Print the data verbatim. Leave every image out.

Segment Start: Extracted information

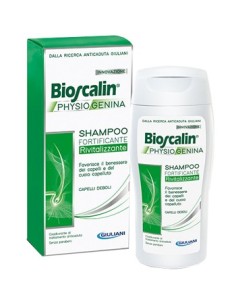 Bioscalin Physiogenina Shampoo Rivitalizzante 200 Ml Bollinoprezzo Speciale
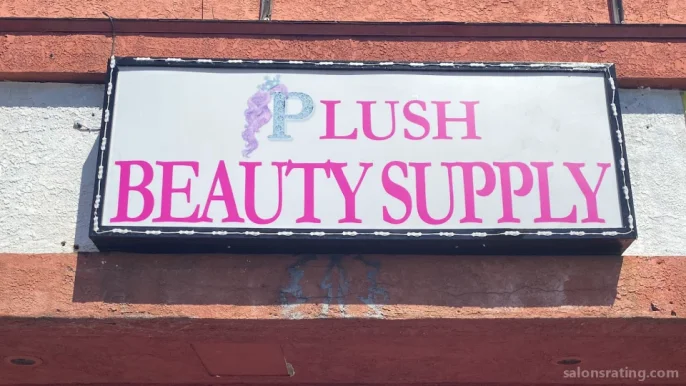 Plush Beautique Wigs & Beauty Supply, Los Angeles - Photo 3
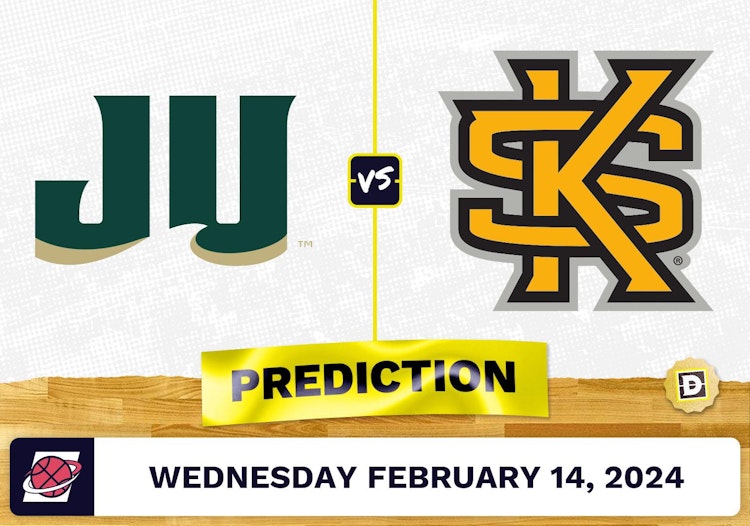 Jacksonville vs. Kennesaw State Prediction, Odds, College Basketball Picks [2/14/2024]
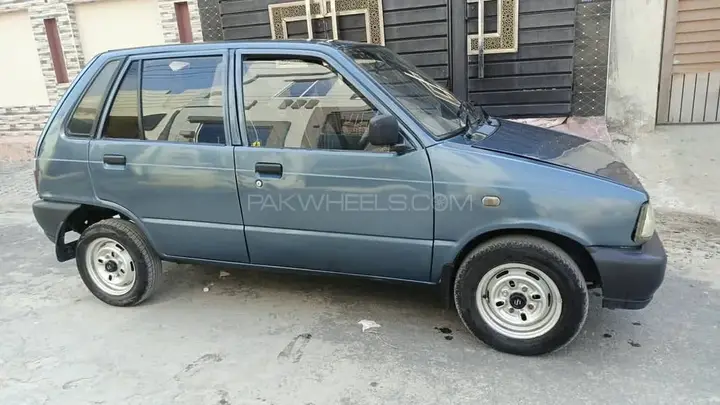 Suzuki Mehran
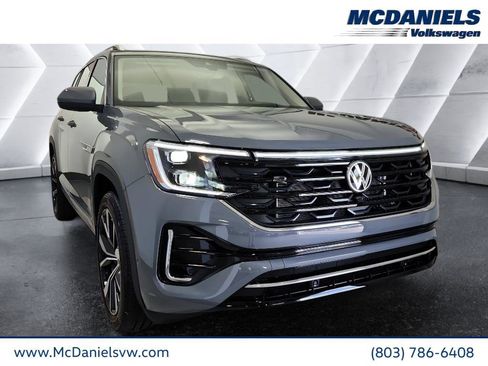 New 2026 Volkswagen Atlas SEL Premium R-Line AWD/4WD image 1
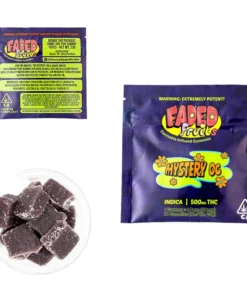 faded fruits gummies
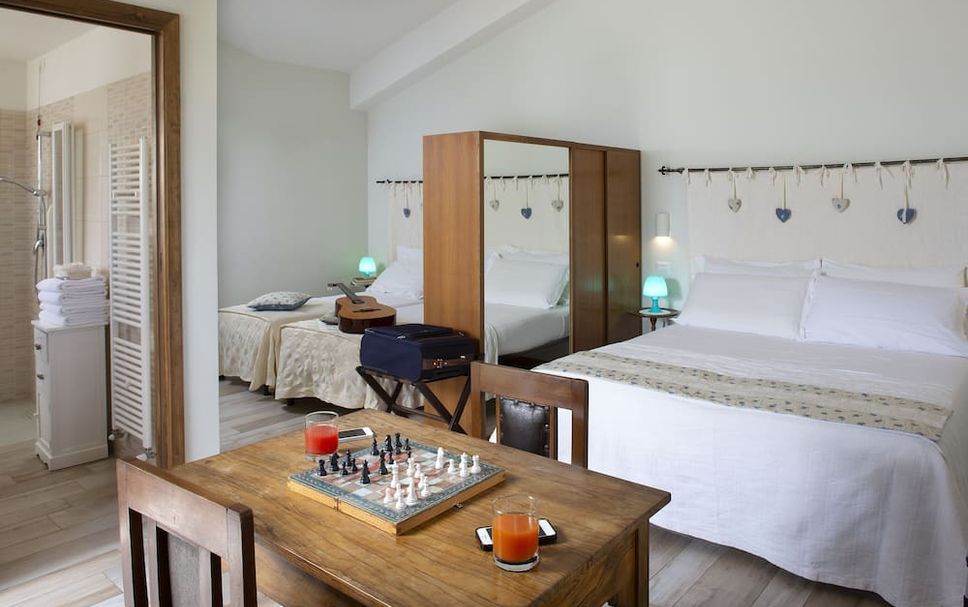 Camera da letto Foto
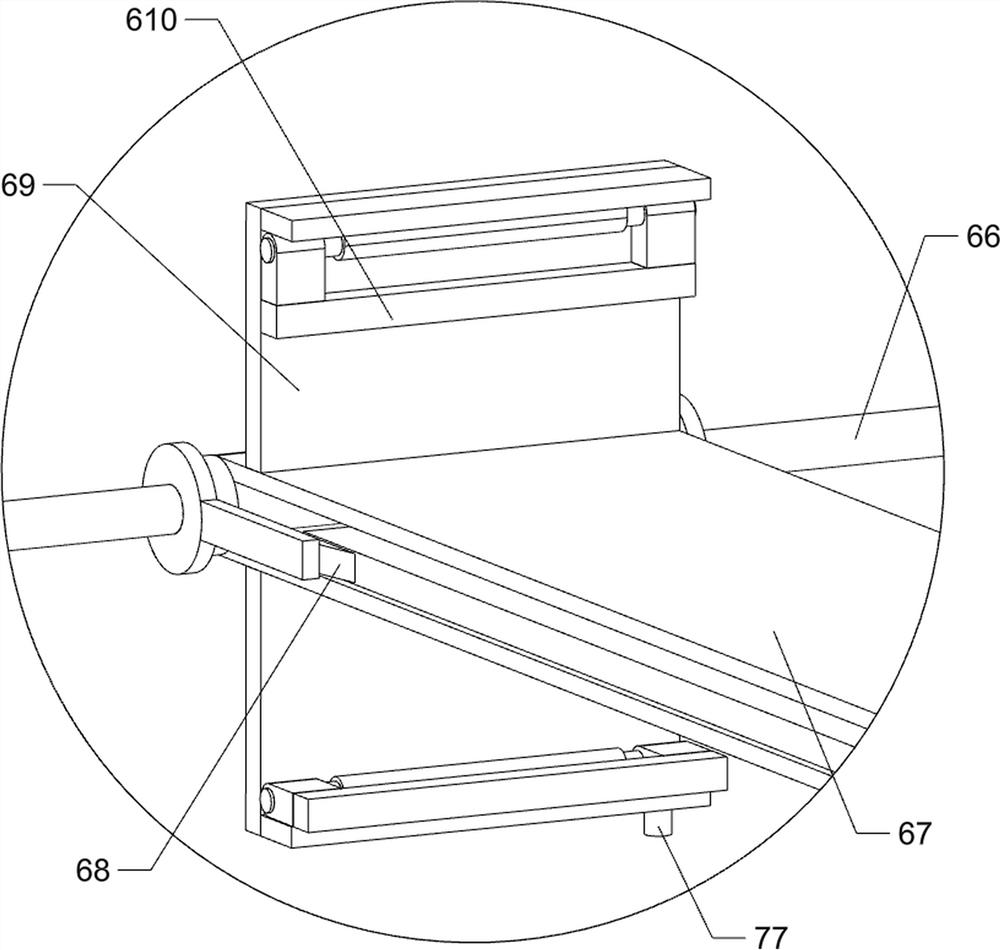 Ecological stone demolding equipment for building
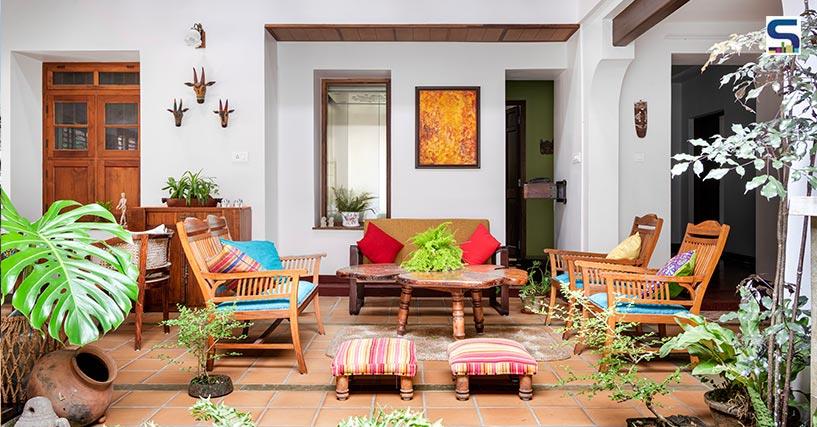 This Ancestral Kerala Home Gets A Wonderful Makeover by Paushtika Architectural Design Consultancy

Segment End: Extracted information

▶ _Task solution_:
 Bioscalin Physiogenina Shampoo Rivitalizzante 200 Ml Bollinoprezzo Speciale
 Plush Beautique Wigs & Beauty Supply, Los Angeles - Photo 3
 Jacksonville vs. Kennesaw State Prediction, Odds, College Basketball Picks [2/14/2024]
 Suzuki Mehran
 New 2026 Volkswagen Atlas SEL Premium R-Line AWD/4WD image 1
 faded fruits gummies
 Camera da letto Foto
 Ecological stone demolding equipment for building
 This Ancestral Kerala Home Gets A Wonderful Makeover by Paushtika Architectural Design Consultancy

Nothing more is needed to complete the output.